Viva Hugo Chavez!:
Venezuelan President Hugo Chavez, the charismatic socialist whose Bolivarian Revolution reduced poverty and galvanized anti-American sentiment across Latin America but left his nation deeply polarized and ever more dependent on oil dollars, died Tuesday in Caracas after a nearly two-year battle with cancer. He was 58.
...Chavez won the lower classes' support by redistributing the nation's vast oil wealth through welfare programs called missions, which set up medical clinics and schools, operated a chain of cut-rate grocery stores, and divvied up nationalized farms and ranches among cooperatives of the impoverished.
Daniel Hellinger, a political science professor at Webster University in St. Louis, said the welfare programs reduced Venezuela's poverty rate from close to 80% in the 1990s to about 20%, and wiped out illiteracy.
"To millions of poor Venezuelans excluded from meaningful participation in politics, Chavez offered hope for a new kind of democracy that would open doors of government to them," Hellinger said. "However much the system fell short of that aspiration, it was Chavez who gave voice to it."

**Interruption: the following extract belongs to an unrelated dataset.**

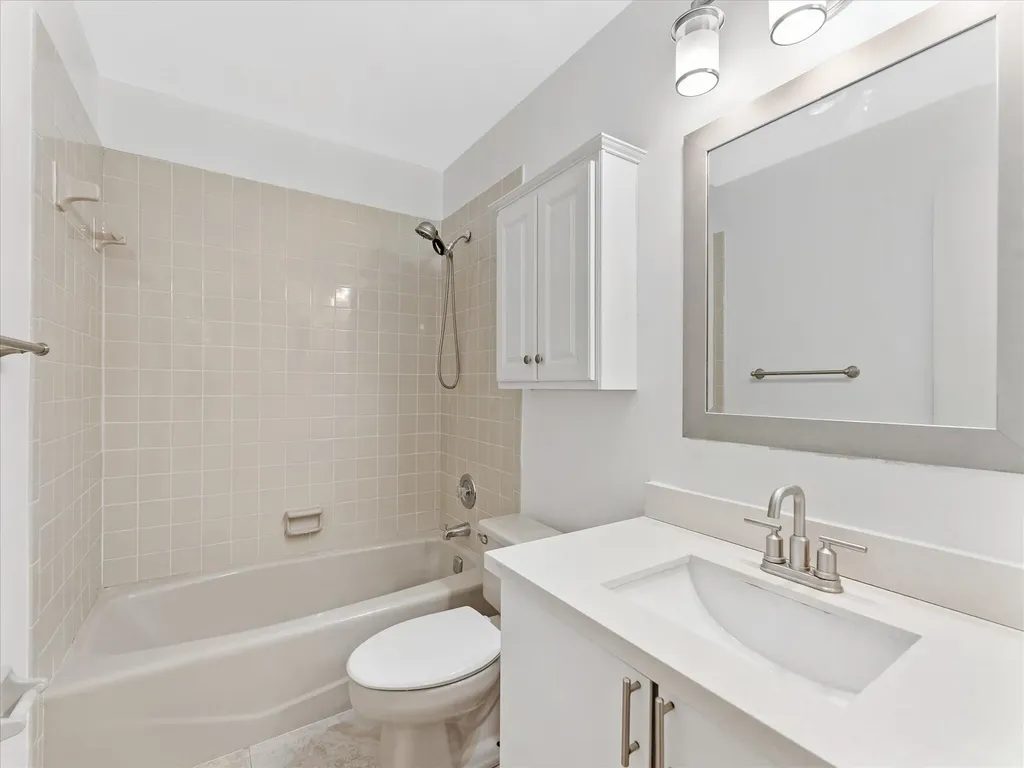 1821 NE 40th Court Pompano Beach FL 33064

...Chavez nationalized scores of energy, banking and telecommunications companies in addition to more than 1 million acres of farmland. That caused a steep decline in Venezuelan investment and productivity and made the nation ever more dependent on oil sales.
Despite the vast sums Venezuela collected over the last decade from its energy reserves, Chavez was forced to borrow more than $38 billion from the Chinese in the final years of his presidency to finance his domestic welfare and foreign aid programs. The loans are secured by future commitments to sell oil to Beijing.

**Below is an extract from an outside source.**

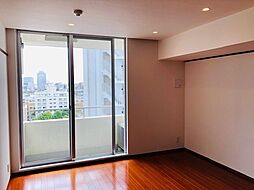 キャビンアリーナ南青山 1202 12階ワンルームのリビング/ダイニング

"The poor have had more money to spend, but it's come at a great price," said Jeffrey Davidow, a former U.S. ambassador to Venezuela. "The money should have been put to productive use in industry, housing or education. So, in the long run, it hasn't been of much help to Venezuelans."
...In April 2002, rebel military elements led by businessman Pedro Carmona launched a coup attempt against Chavez, who was held prisoner for two days. But loyal officers and legions of poor supporters outside the presidential palace turned the tide. Chavez later blamed the coup on support from President Bush, who seemed to tacitly welcome the uprising.

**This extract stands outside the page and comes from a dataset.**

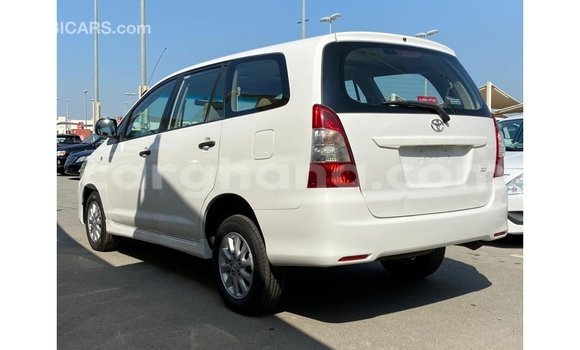 Buy Import Toyota Innova White Car in Import - Dubai in Ashanti Buy Import Toyota Innova White Car in Import - Dubai in Ashanti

Within a year, the country was paralyzed by a series of strikes, including one by the state-owned oil company Petroleos de Venezuela after Chavez fired the top management.
Since then, Chavez had led an increasingly polarized nation, using his oratorical skills to outmaneuver his often fragmented, sometimes hapless opposition. In 2004, he easily survived a recall referendum. Two years later he won a landslide reelection, with 63% of the vote.
Rare leader Did not bow to global powers..loved by his people and respected by all. I hope Venezuela can give birth to another good leader to its people.